RECORDS FOR THIS TASK: Begin

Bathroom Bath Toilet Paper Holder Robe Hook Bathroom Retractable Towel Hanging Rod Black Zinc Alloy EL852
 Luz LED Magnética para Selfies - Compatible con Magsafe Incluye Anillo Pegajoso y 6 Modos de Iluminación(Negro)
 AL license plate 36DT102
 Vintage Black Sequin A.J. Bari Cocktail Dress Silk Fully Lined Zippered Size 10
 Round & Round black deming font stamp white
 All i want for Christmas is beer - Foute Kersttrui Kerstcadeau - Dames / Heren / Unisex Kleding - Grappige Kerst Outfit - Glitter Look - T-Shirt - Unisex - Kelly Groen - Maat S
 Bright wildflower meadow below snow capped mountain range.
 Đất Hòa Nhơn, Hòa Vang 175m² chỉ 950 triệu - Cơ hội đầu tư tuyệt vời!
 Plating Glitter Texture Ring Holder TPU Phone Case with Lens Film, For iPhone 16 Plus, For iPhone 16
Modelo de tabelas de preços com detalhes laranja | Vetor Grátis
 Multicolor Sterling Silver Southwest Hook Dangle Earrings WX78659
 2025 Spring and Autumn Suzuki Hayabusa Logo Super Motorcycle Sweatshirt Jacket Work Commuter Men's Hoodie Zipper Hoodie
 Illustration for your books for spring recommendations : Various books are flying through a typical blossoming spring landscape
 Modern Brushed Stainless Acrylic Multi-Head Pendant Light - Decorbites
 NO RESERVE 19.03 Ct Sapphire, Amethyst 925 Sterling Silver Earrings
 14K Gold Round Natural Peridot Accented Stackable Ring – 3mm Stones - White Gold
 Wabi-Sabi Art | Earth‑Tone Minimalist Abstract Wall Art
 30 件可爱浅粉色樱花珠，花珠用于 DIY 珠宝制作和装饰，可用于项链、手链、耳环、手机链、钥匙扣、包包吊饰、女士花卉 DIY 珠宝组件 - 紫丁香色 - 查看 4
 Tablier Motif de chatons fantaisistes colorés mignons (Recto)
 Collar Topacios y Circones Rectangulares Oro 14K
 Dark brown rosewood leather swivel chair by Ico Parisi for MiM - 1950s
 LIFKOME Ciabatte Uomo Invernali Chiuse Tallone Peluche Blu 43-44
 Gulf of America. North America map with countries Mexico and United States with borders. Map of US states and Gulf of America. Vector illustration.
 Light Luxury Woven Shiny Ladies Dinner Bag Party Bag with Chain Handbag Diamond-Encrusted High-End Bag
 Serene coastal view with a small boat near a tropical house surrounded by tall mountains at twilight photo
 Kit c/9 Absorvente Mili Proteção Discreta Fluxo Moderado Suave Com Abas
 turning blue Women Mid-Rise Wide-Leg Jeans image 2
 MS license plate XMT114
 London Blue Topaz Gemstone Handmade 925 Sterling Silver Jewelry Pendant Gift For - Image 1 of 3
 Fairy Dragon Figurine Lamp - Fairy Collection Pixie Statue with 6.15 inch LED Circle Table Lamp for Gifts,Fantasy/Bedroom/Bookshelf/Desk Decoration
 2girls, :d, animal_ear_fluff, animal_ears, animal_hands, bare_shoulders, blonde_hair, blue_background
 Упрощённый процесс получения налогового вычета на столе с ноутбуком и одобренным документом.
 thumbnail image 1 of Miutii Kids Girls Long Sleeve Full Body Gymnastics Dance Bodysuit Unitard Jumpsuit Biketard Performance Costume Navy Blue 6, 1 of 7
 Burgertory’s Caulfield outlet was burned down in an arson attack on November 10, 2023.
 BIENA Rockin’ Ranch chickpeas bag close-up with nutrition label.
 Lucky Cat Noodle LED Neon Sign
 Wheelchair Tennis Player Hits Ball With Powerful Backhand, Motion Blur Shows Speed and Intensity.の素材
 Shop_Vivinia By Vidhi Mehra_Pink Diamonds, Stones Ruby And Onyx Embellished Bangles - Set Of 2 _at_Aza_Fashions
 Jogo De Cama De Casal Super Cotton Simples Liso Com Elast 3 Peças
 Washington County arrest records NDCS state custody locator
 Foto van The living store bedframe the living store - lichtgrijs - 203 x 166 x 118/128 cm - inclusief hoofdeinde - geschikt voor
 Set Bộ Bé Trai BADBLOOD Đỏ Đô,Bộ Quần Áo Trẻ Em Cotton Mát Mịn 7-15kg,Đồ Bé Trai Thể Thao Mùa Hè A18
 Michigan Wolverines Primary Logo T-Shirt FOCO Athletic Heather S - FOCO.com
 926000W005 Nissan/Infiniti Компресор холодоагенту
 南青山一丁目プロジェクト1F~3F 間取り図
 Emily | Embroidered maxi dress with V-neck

RECORDS FOR THIS TASK: End

**EXERCISE GOAL:** When the line with "Vintage Black Sequin" is reached in the data above, begin copying, and stop after the line with "14K Gold Round"; copy each line exactly, both ends included.

**WRITTEN SOLUTION:**
 Vintage Black Sequin A.J. Bari Cocktail Dress Silk Fully Lined Zippered Size 10
 Round & Round black deming font stamp white
 All i want for Christmas is beer - Foute Kersttrui Kerstcadeau - Dames / Heren / Unisex Kleding - Grappige Kerst Outfit - Glitter Look - T-Shirt - Unisex - Kelly Groen - Maat S
 Bright wildflower meadow below snow capped mountain range.
 Đất Hòa Nhơn, Hòa Vang 175m² chỉ 950 triệu - Cơ hội đầu tư tuyệt vời!
 Plating Glitter Texture Ring Holder TPU Phone Case with Lens Film, For iPhone 16 Plus, For iPhone 16
Modelo de tabelas de preços com detalhes laranja | Vetor Grátis
 Multicolor Sterling Silver Southwest Hook Dangle Earrings WX78659
 2025 Spring and Autumn Suzuki Hayabusa Logo Super Motorcycle Sweatshirt Jacket Work Commuter Men's Hoodie Zipper Hoodie
 Illustration for your books for spring recommendations : Various books are flying through a typical blossoming spring landscape
 Modern Brushed Stainless Acrylic Multi-Head Pendant Light - Decorbites
 NO RESERVE 19.03 Ct Sapphire, Amethyst 925 Sterling Silver Earrings
 14K Gold Round Natural Peridot Accented Stackable Ring – 3mm Stones - White Gold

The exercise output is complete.